From June 15 through July 17, students attending SWS can access the dynamic and immersive classes safely while under the tutelage of professional artists working at ANW.
“Connecting with our community has always been a key component of A Noise Within,” pronounces Alicia Green, Director of Education and Community Outreach. “With health and safety at the forefront of our strategy, we decided to transform our schedules and programming so we can engage with our students from their homes. The online program has been designed so that it can continue to provide unique exposure to a variety of classic plays and guide students through the intricacies of the world of theatre.”
As in years past, the classes will cover a wide range of topics to enrich students and teach them about all aspects of stagecraft and what goes into a stage performance. Campers will learn about swords/stage combat, magic, mask work, voice work, stagecraft and design, and movement. Beyond expanding traditional theatre skills, SWS helps students with public speaking, builds their self-confidence, and connects them with pedagogically trained professionals.
“We’re offering several options for each of our tracks,” Green says. “It’s very flexible so that anyone can do it, and we make it work for every student. With everything being so unknown, we want to make sure to do what we can to provide top-tier theatre education while understanding that a full five weeks is not viable for everyone. Our program is structured so that families can choose what works best for their family, whether that be one week, or three, or attending our entire five-week camp.
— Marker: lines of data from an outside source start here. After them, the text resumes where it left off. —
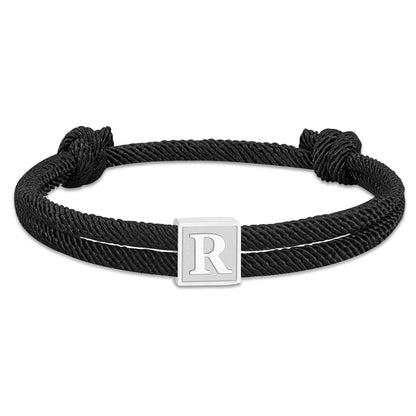 Zocomi Rope Bracelet for Men Boys, Initial Letter R Braided String Bracelets for Teen Teenage Him Male Mens Wrist Accessories Jewelry Gifts Age Pulsera Brazalete Para Hombre Black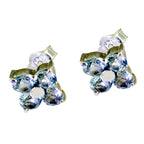 Blue-topaz-Egyptian-Isadora-multiple-Stud-Blue-925-Sterling-Silver-Earring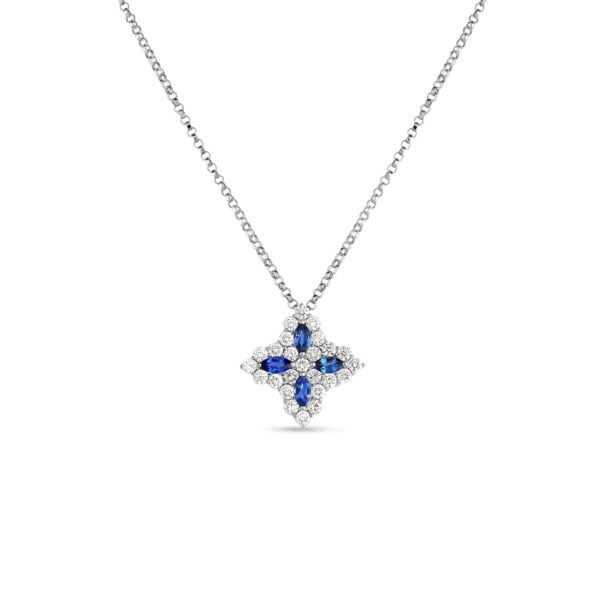 Roberto Coin 18K White Gold Venetian Princess Diamond and Blue Sapphire Medium Flower Necklace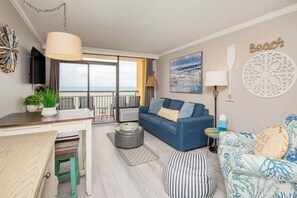 Enjoy the oceanfront view from the living room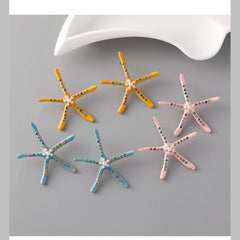 Star Fish Gemstone Pearl 18K Gold Pink Stud Earring For Women Group6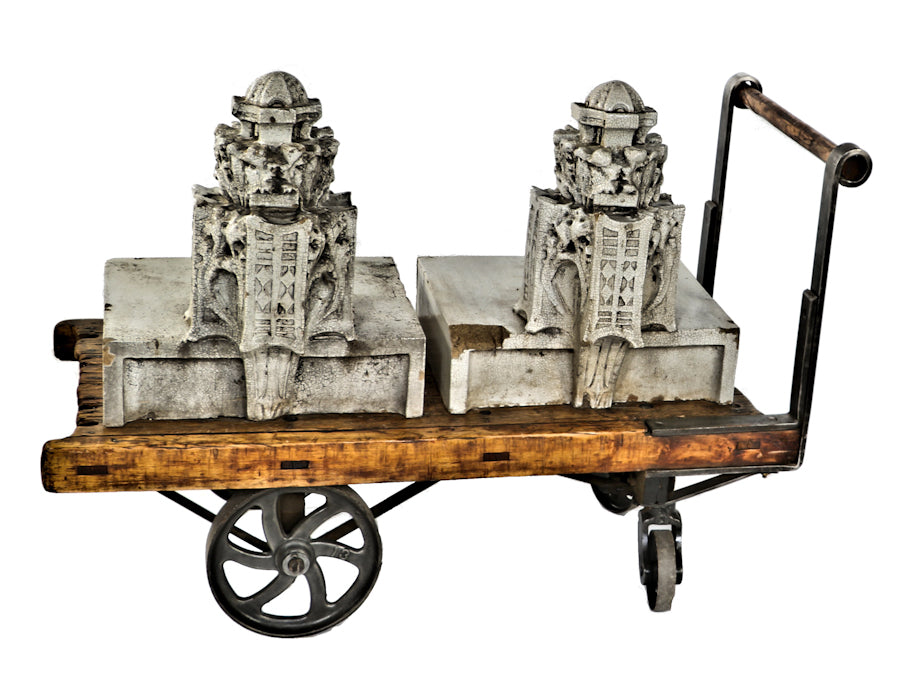 matching set of museum quality early 20th century antique american sullivanesque exterior white glazed terra cotta "finial a510" roofline endcap finials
We want to give children the chance to be creative and collaborate with their peers while still being safe.”
There are three tiers of the program broken down into age ranges. Track 1 is for students aged 14 through 18, Track 2 is for students aged 10 through 13, and Track 3 is for students aged 6 through 9. Each track is curated specifically to the age group and can even offer class credit for certain schools. The summer acting camp culminates in a final performance that will be livestreamed on YouTube to share with students’ friends and family.
“Students and families can expect the same quality they have always known with Summer with Shakespeare,” assures Green. “But now we are able to welcome families from across the country and incorporate technical elements via the magic of the digital age we didn’t have available before. Classes are both live and pre-recorded (utilizing platforms that are still engaging even when not live) and the schedule is flexible to allow students breaks from screen time and also provide ease of sharing computers and space. We have built in unstructured fun time to allow students to engage socially. While it’s not the same as being in the same room together, the social component of camp and youth is so important that we did our best to replicate it online!”
By now, parents have spent over eight weeks essentially home-schooling their children. They can take a break by sending their kids to ‘Summer with Shakespeare’ online camp (enroll here). Come fall, maybe schools will reopen and we can slowly get back to normal, whatever that looks like. We may even be able to once again see a play – A Noise Within’s ‘Alice in Wonderland’ would be a great escape from our new reality.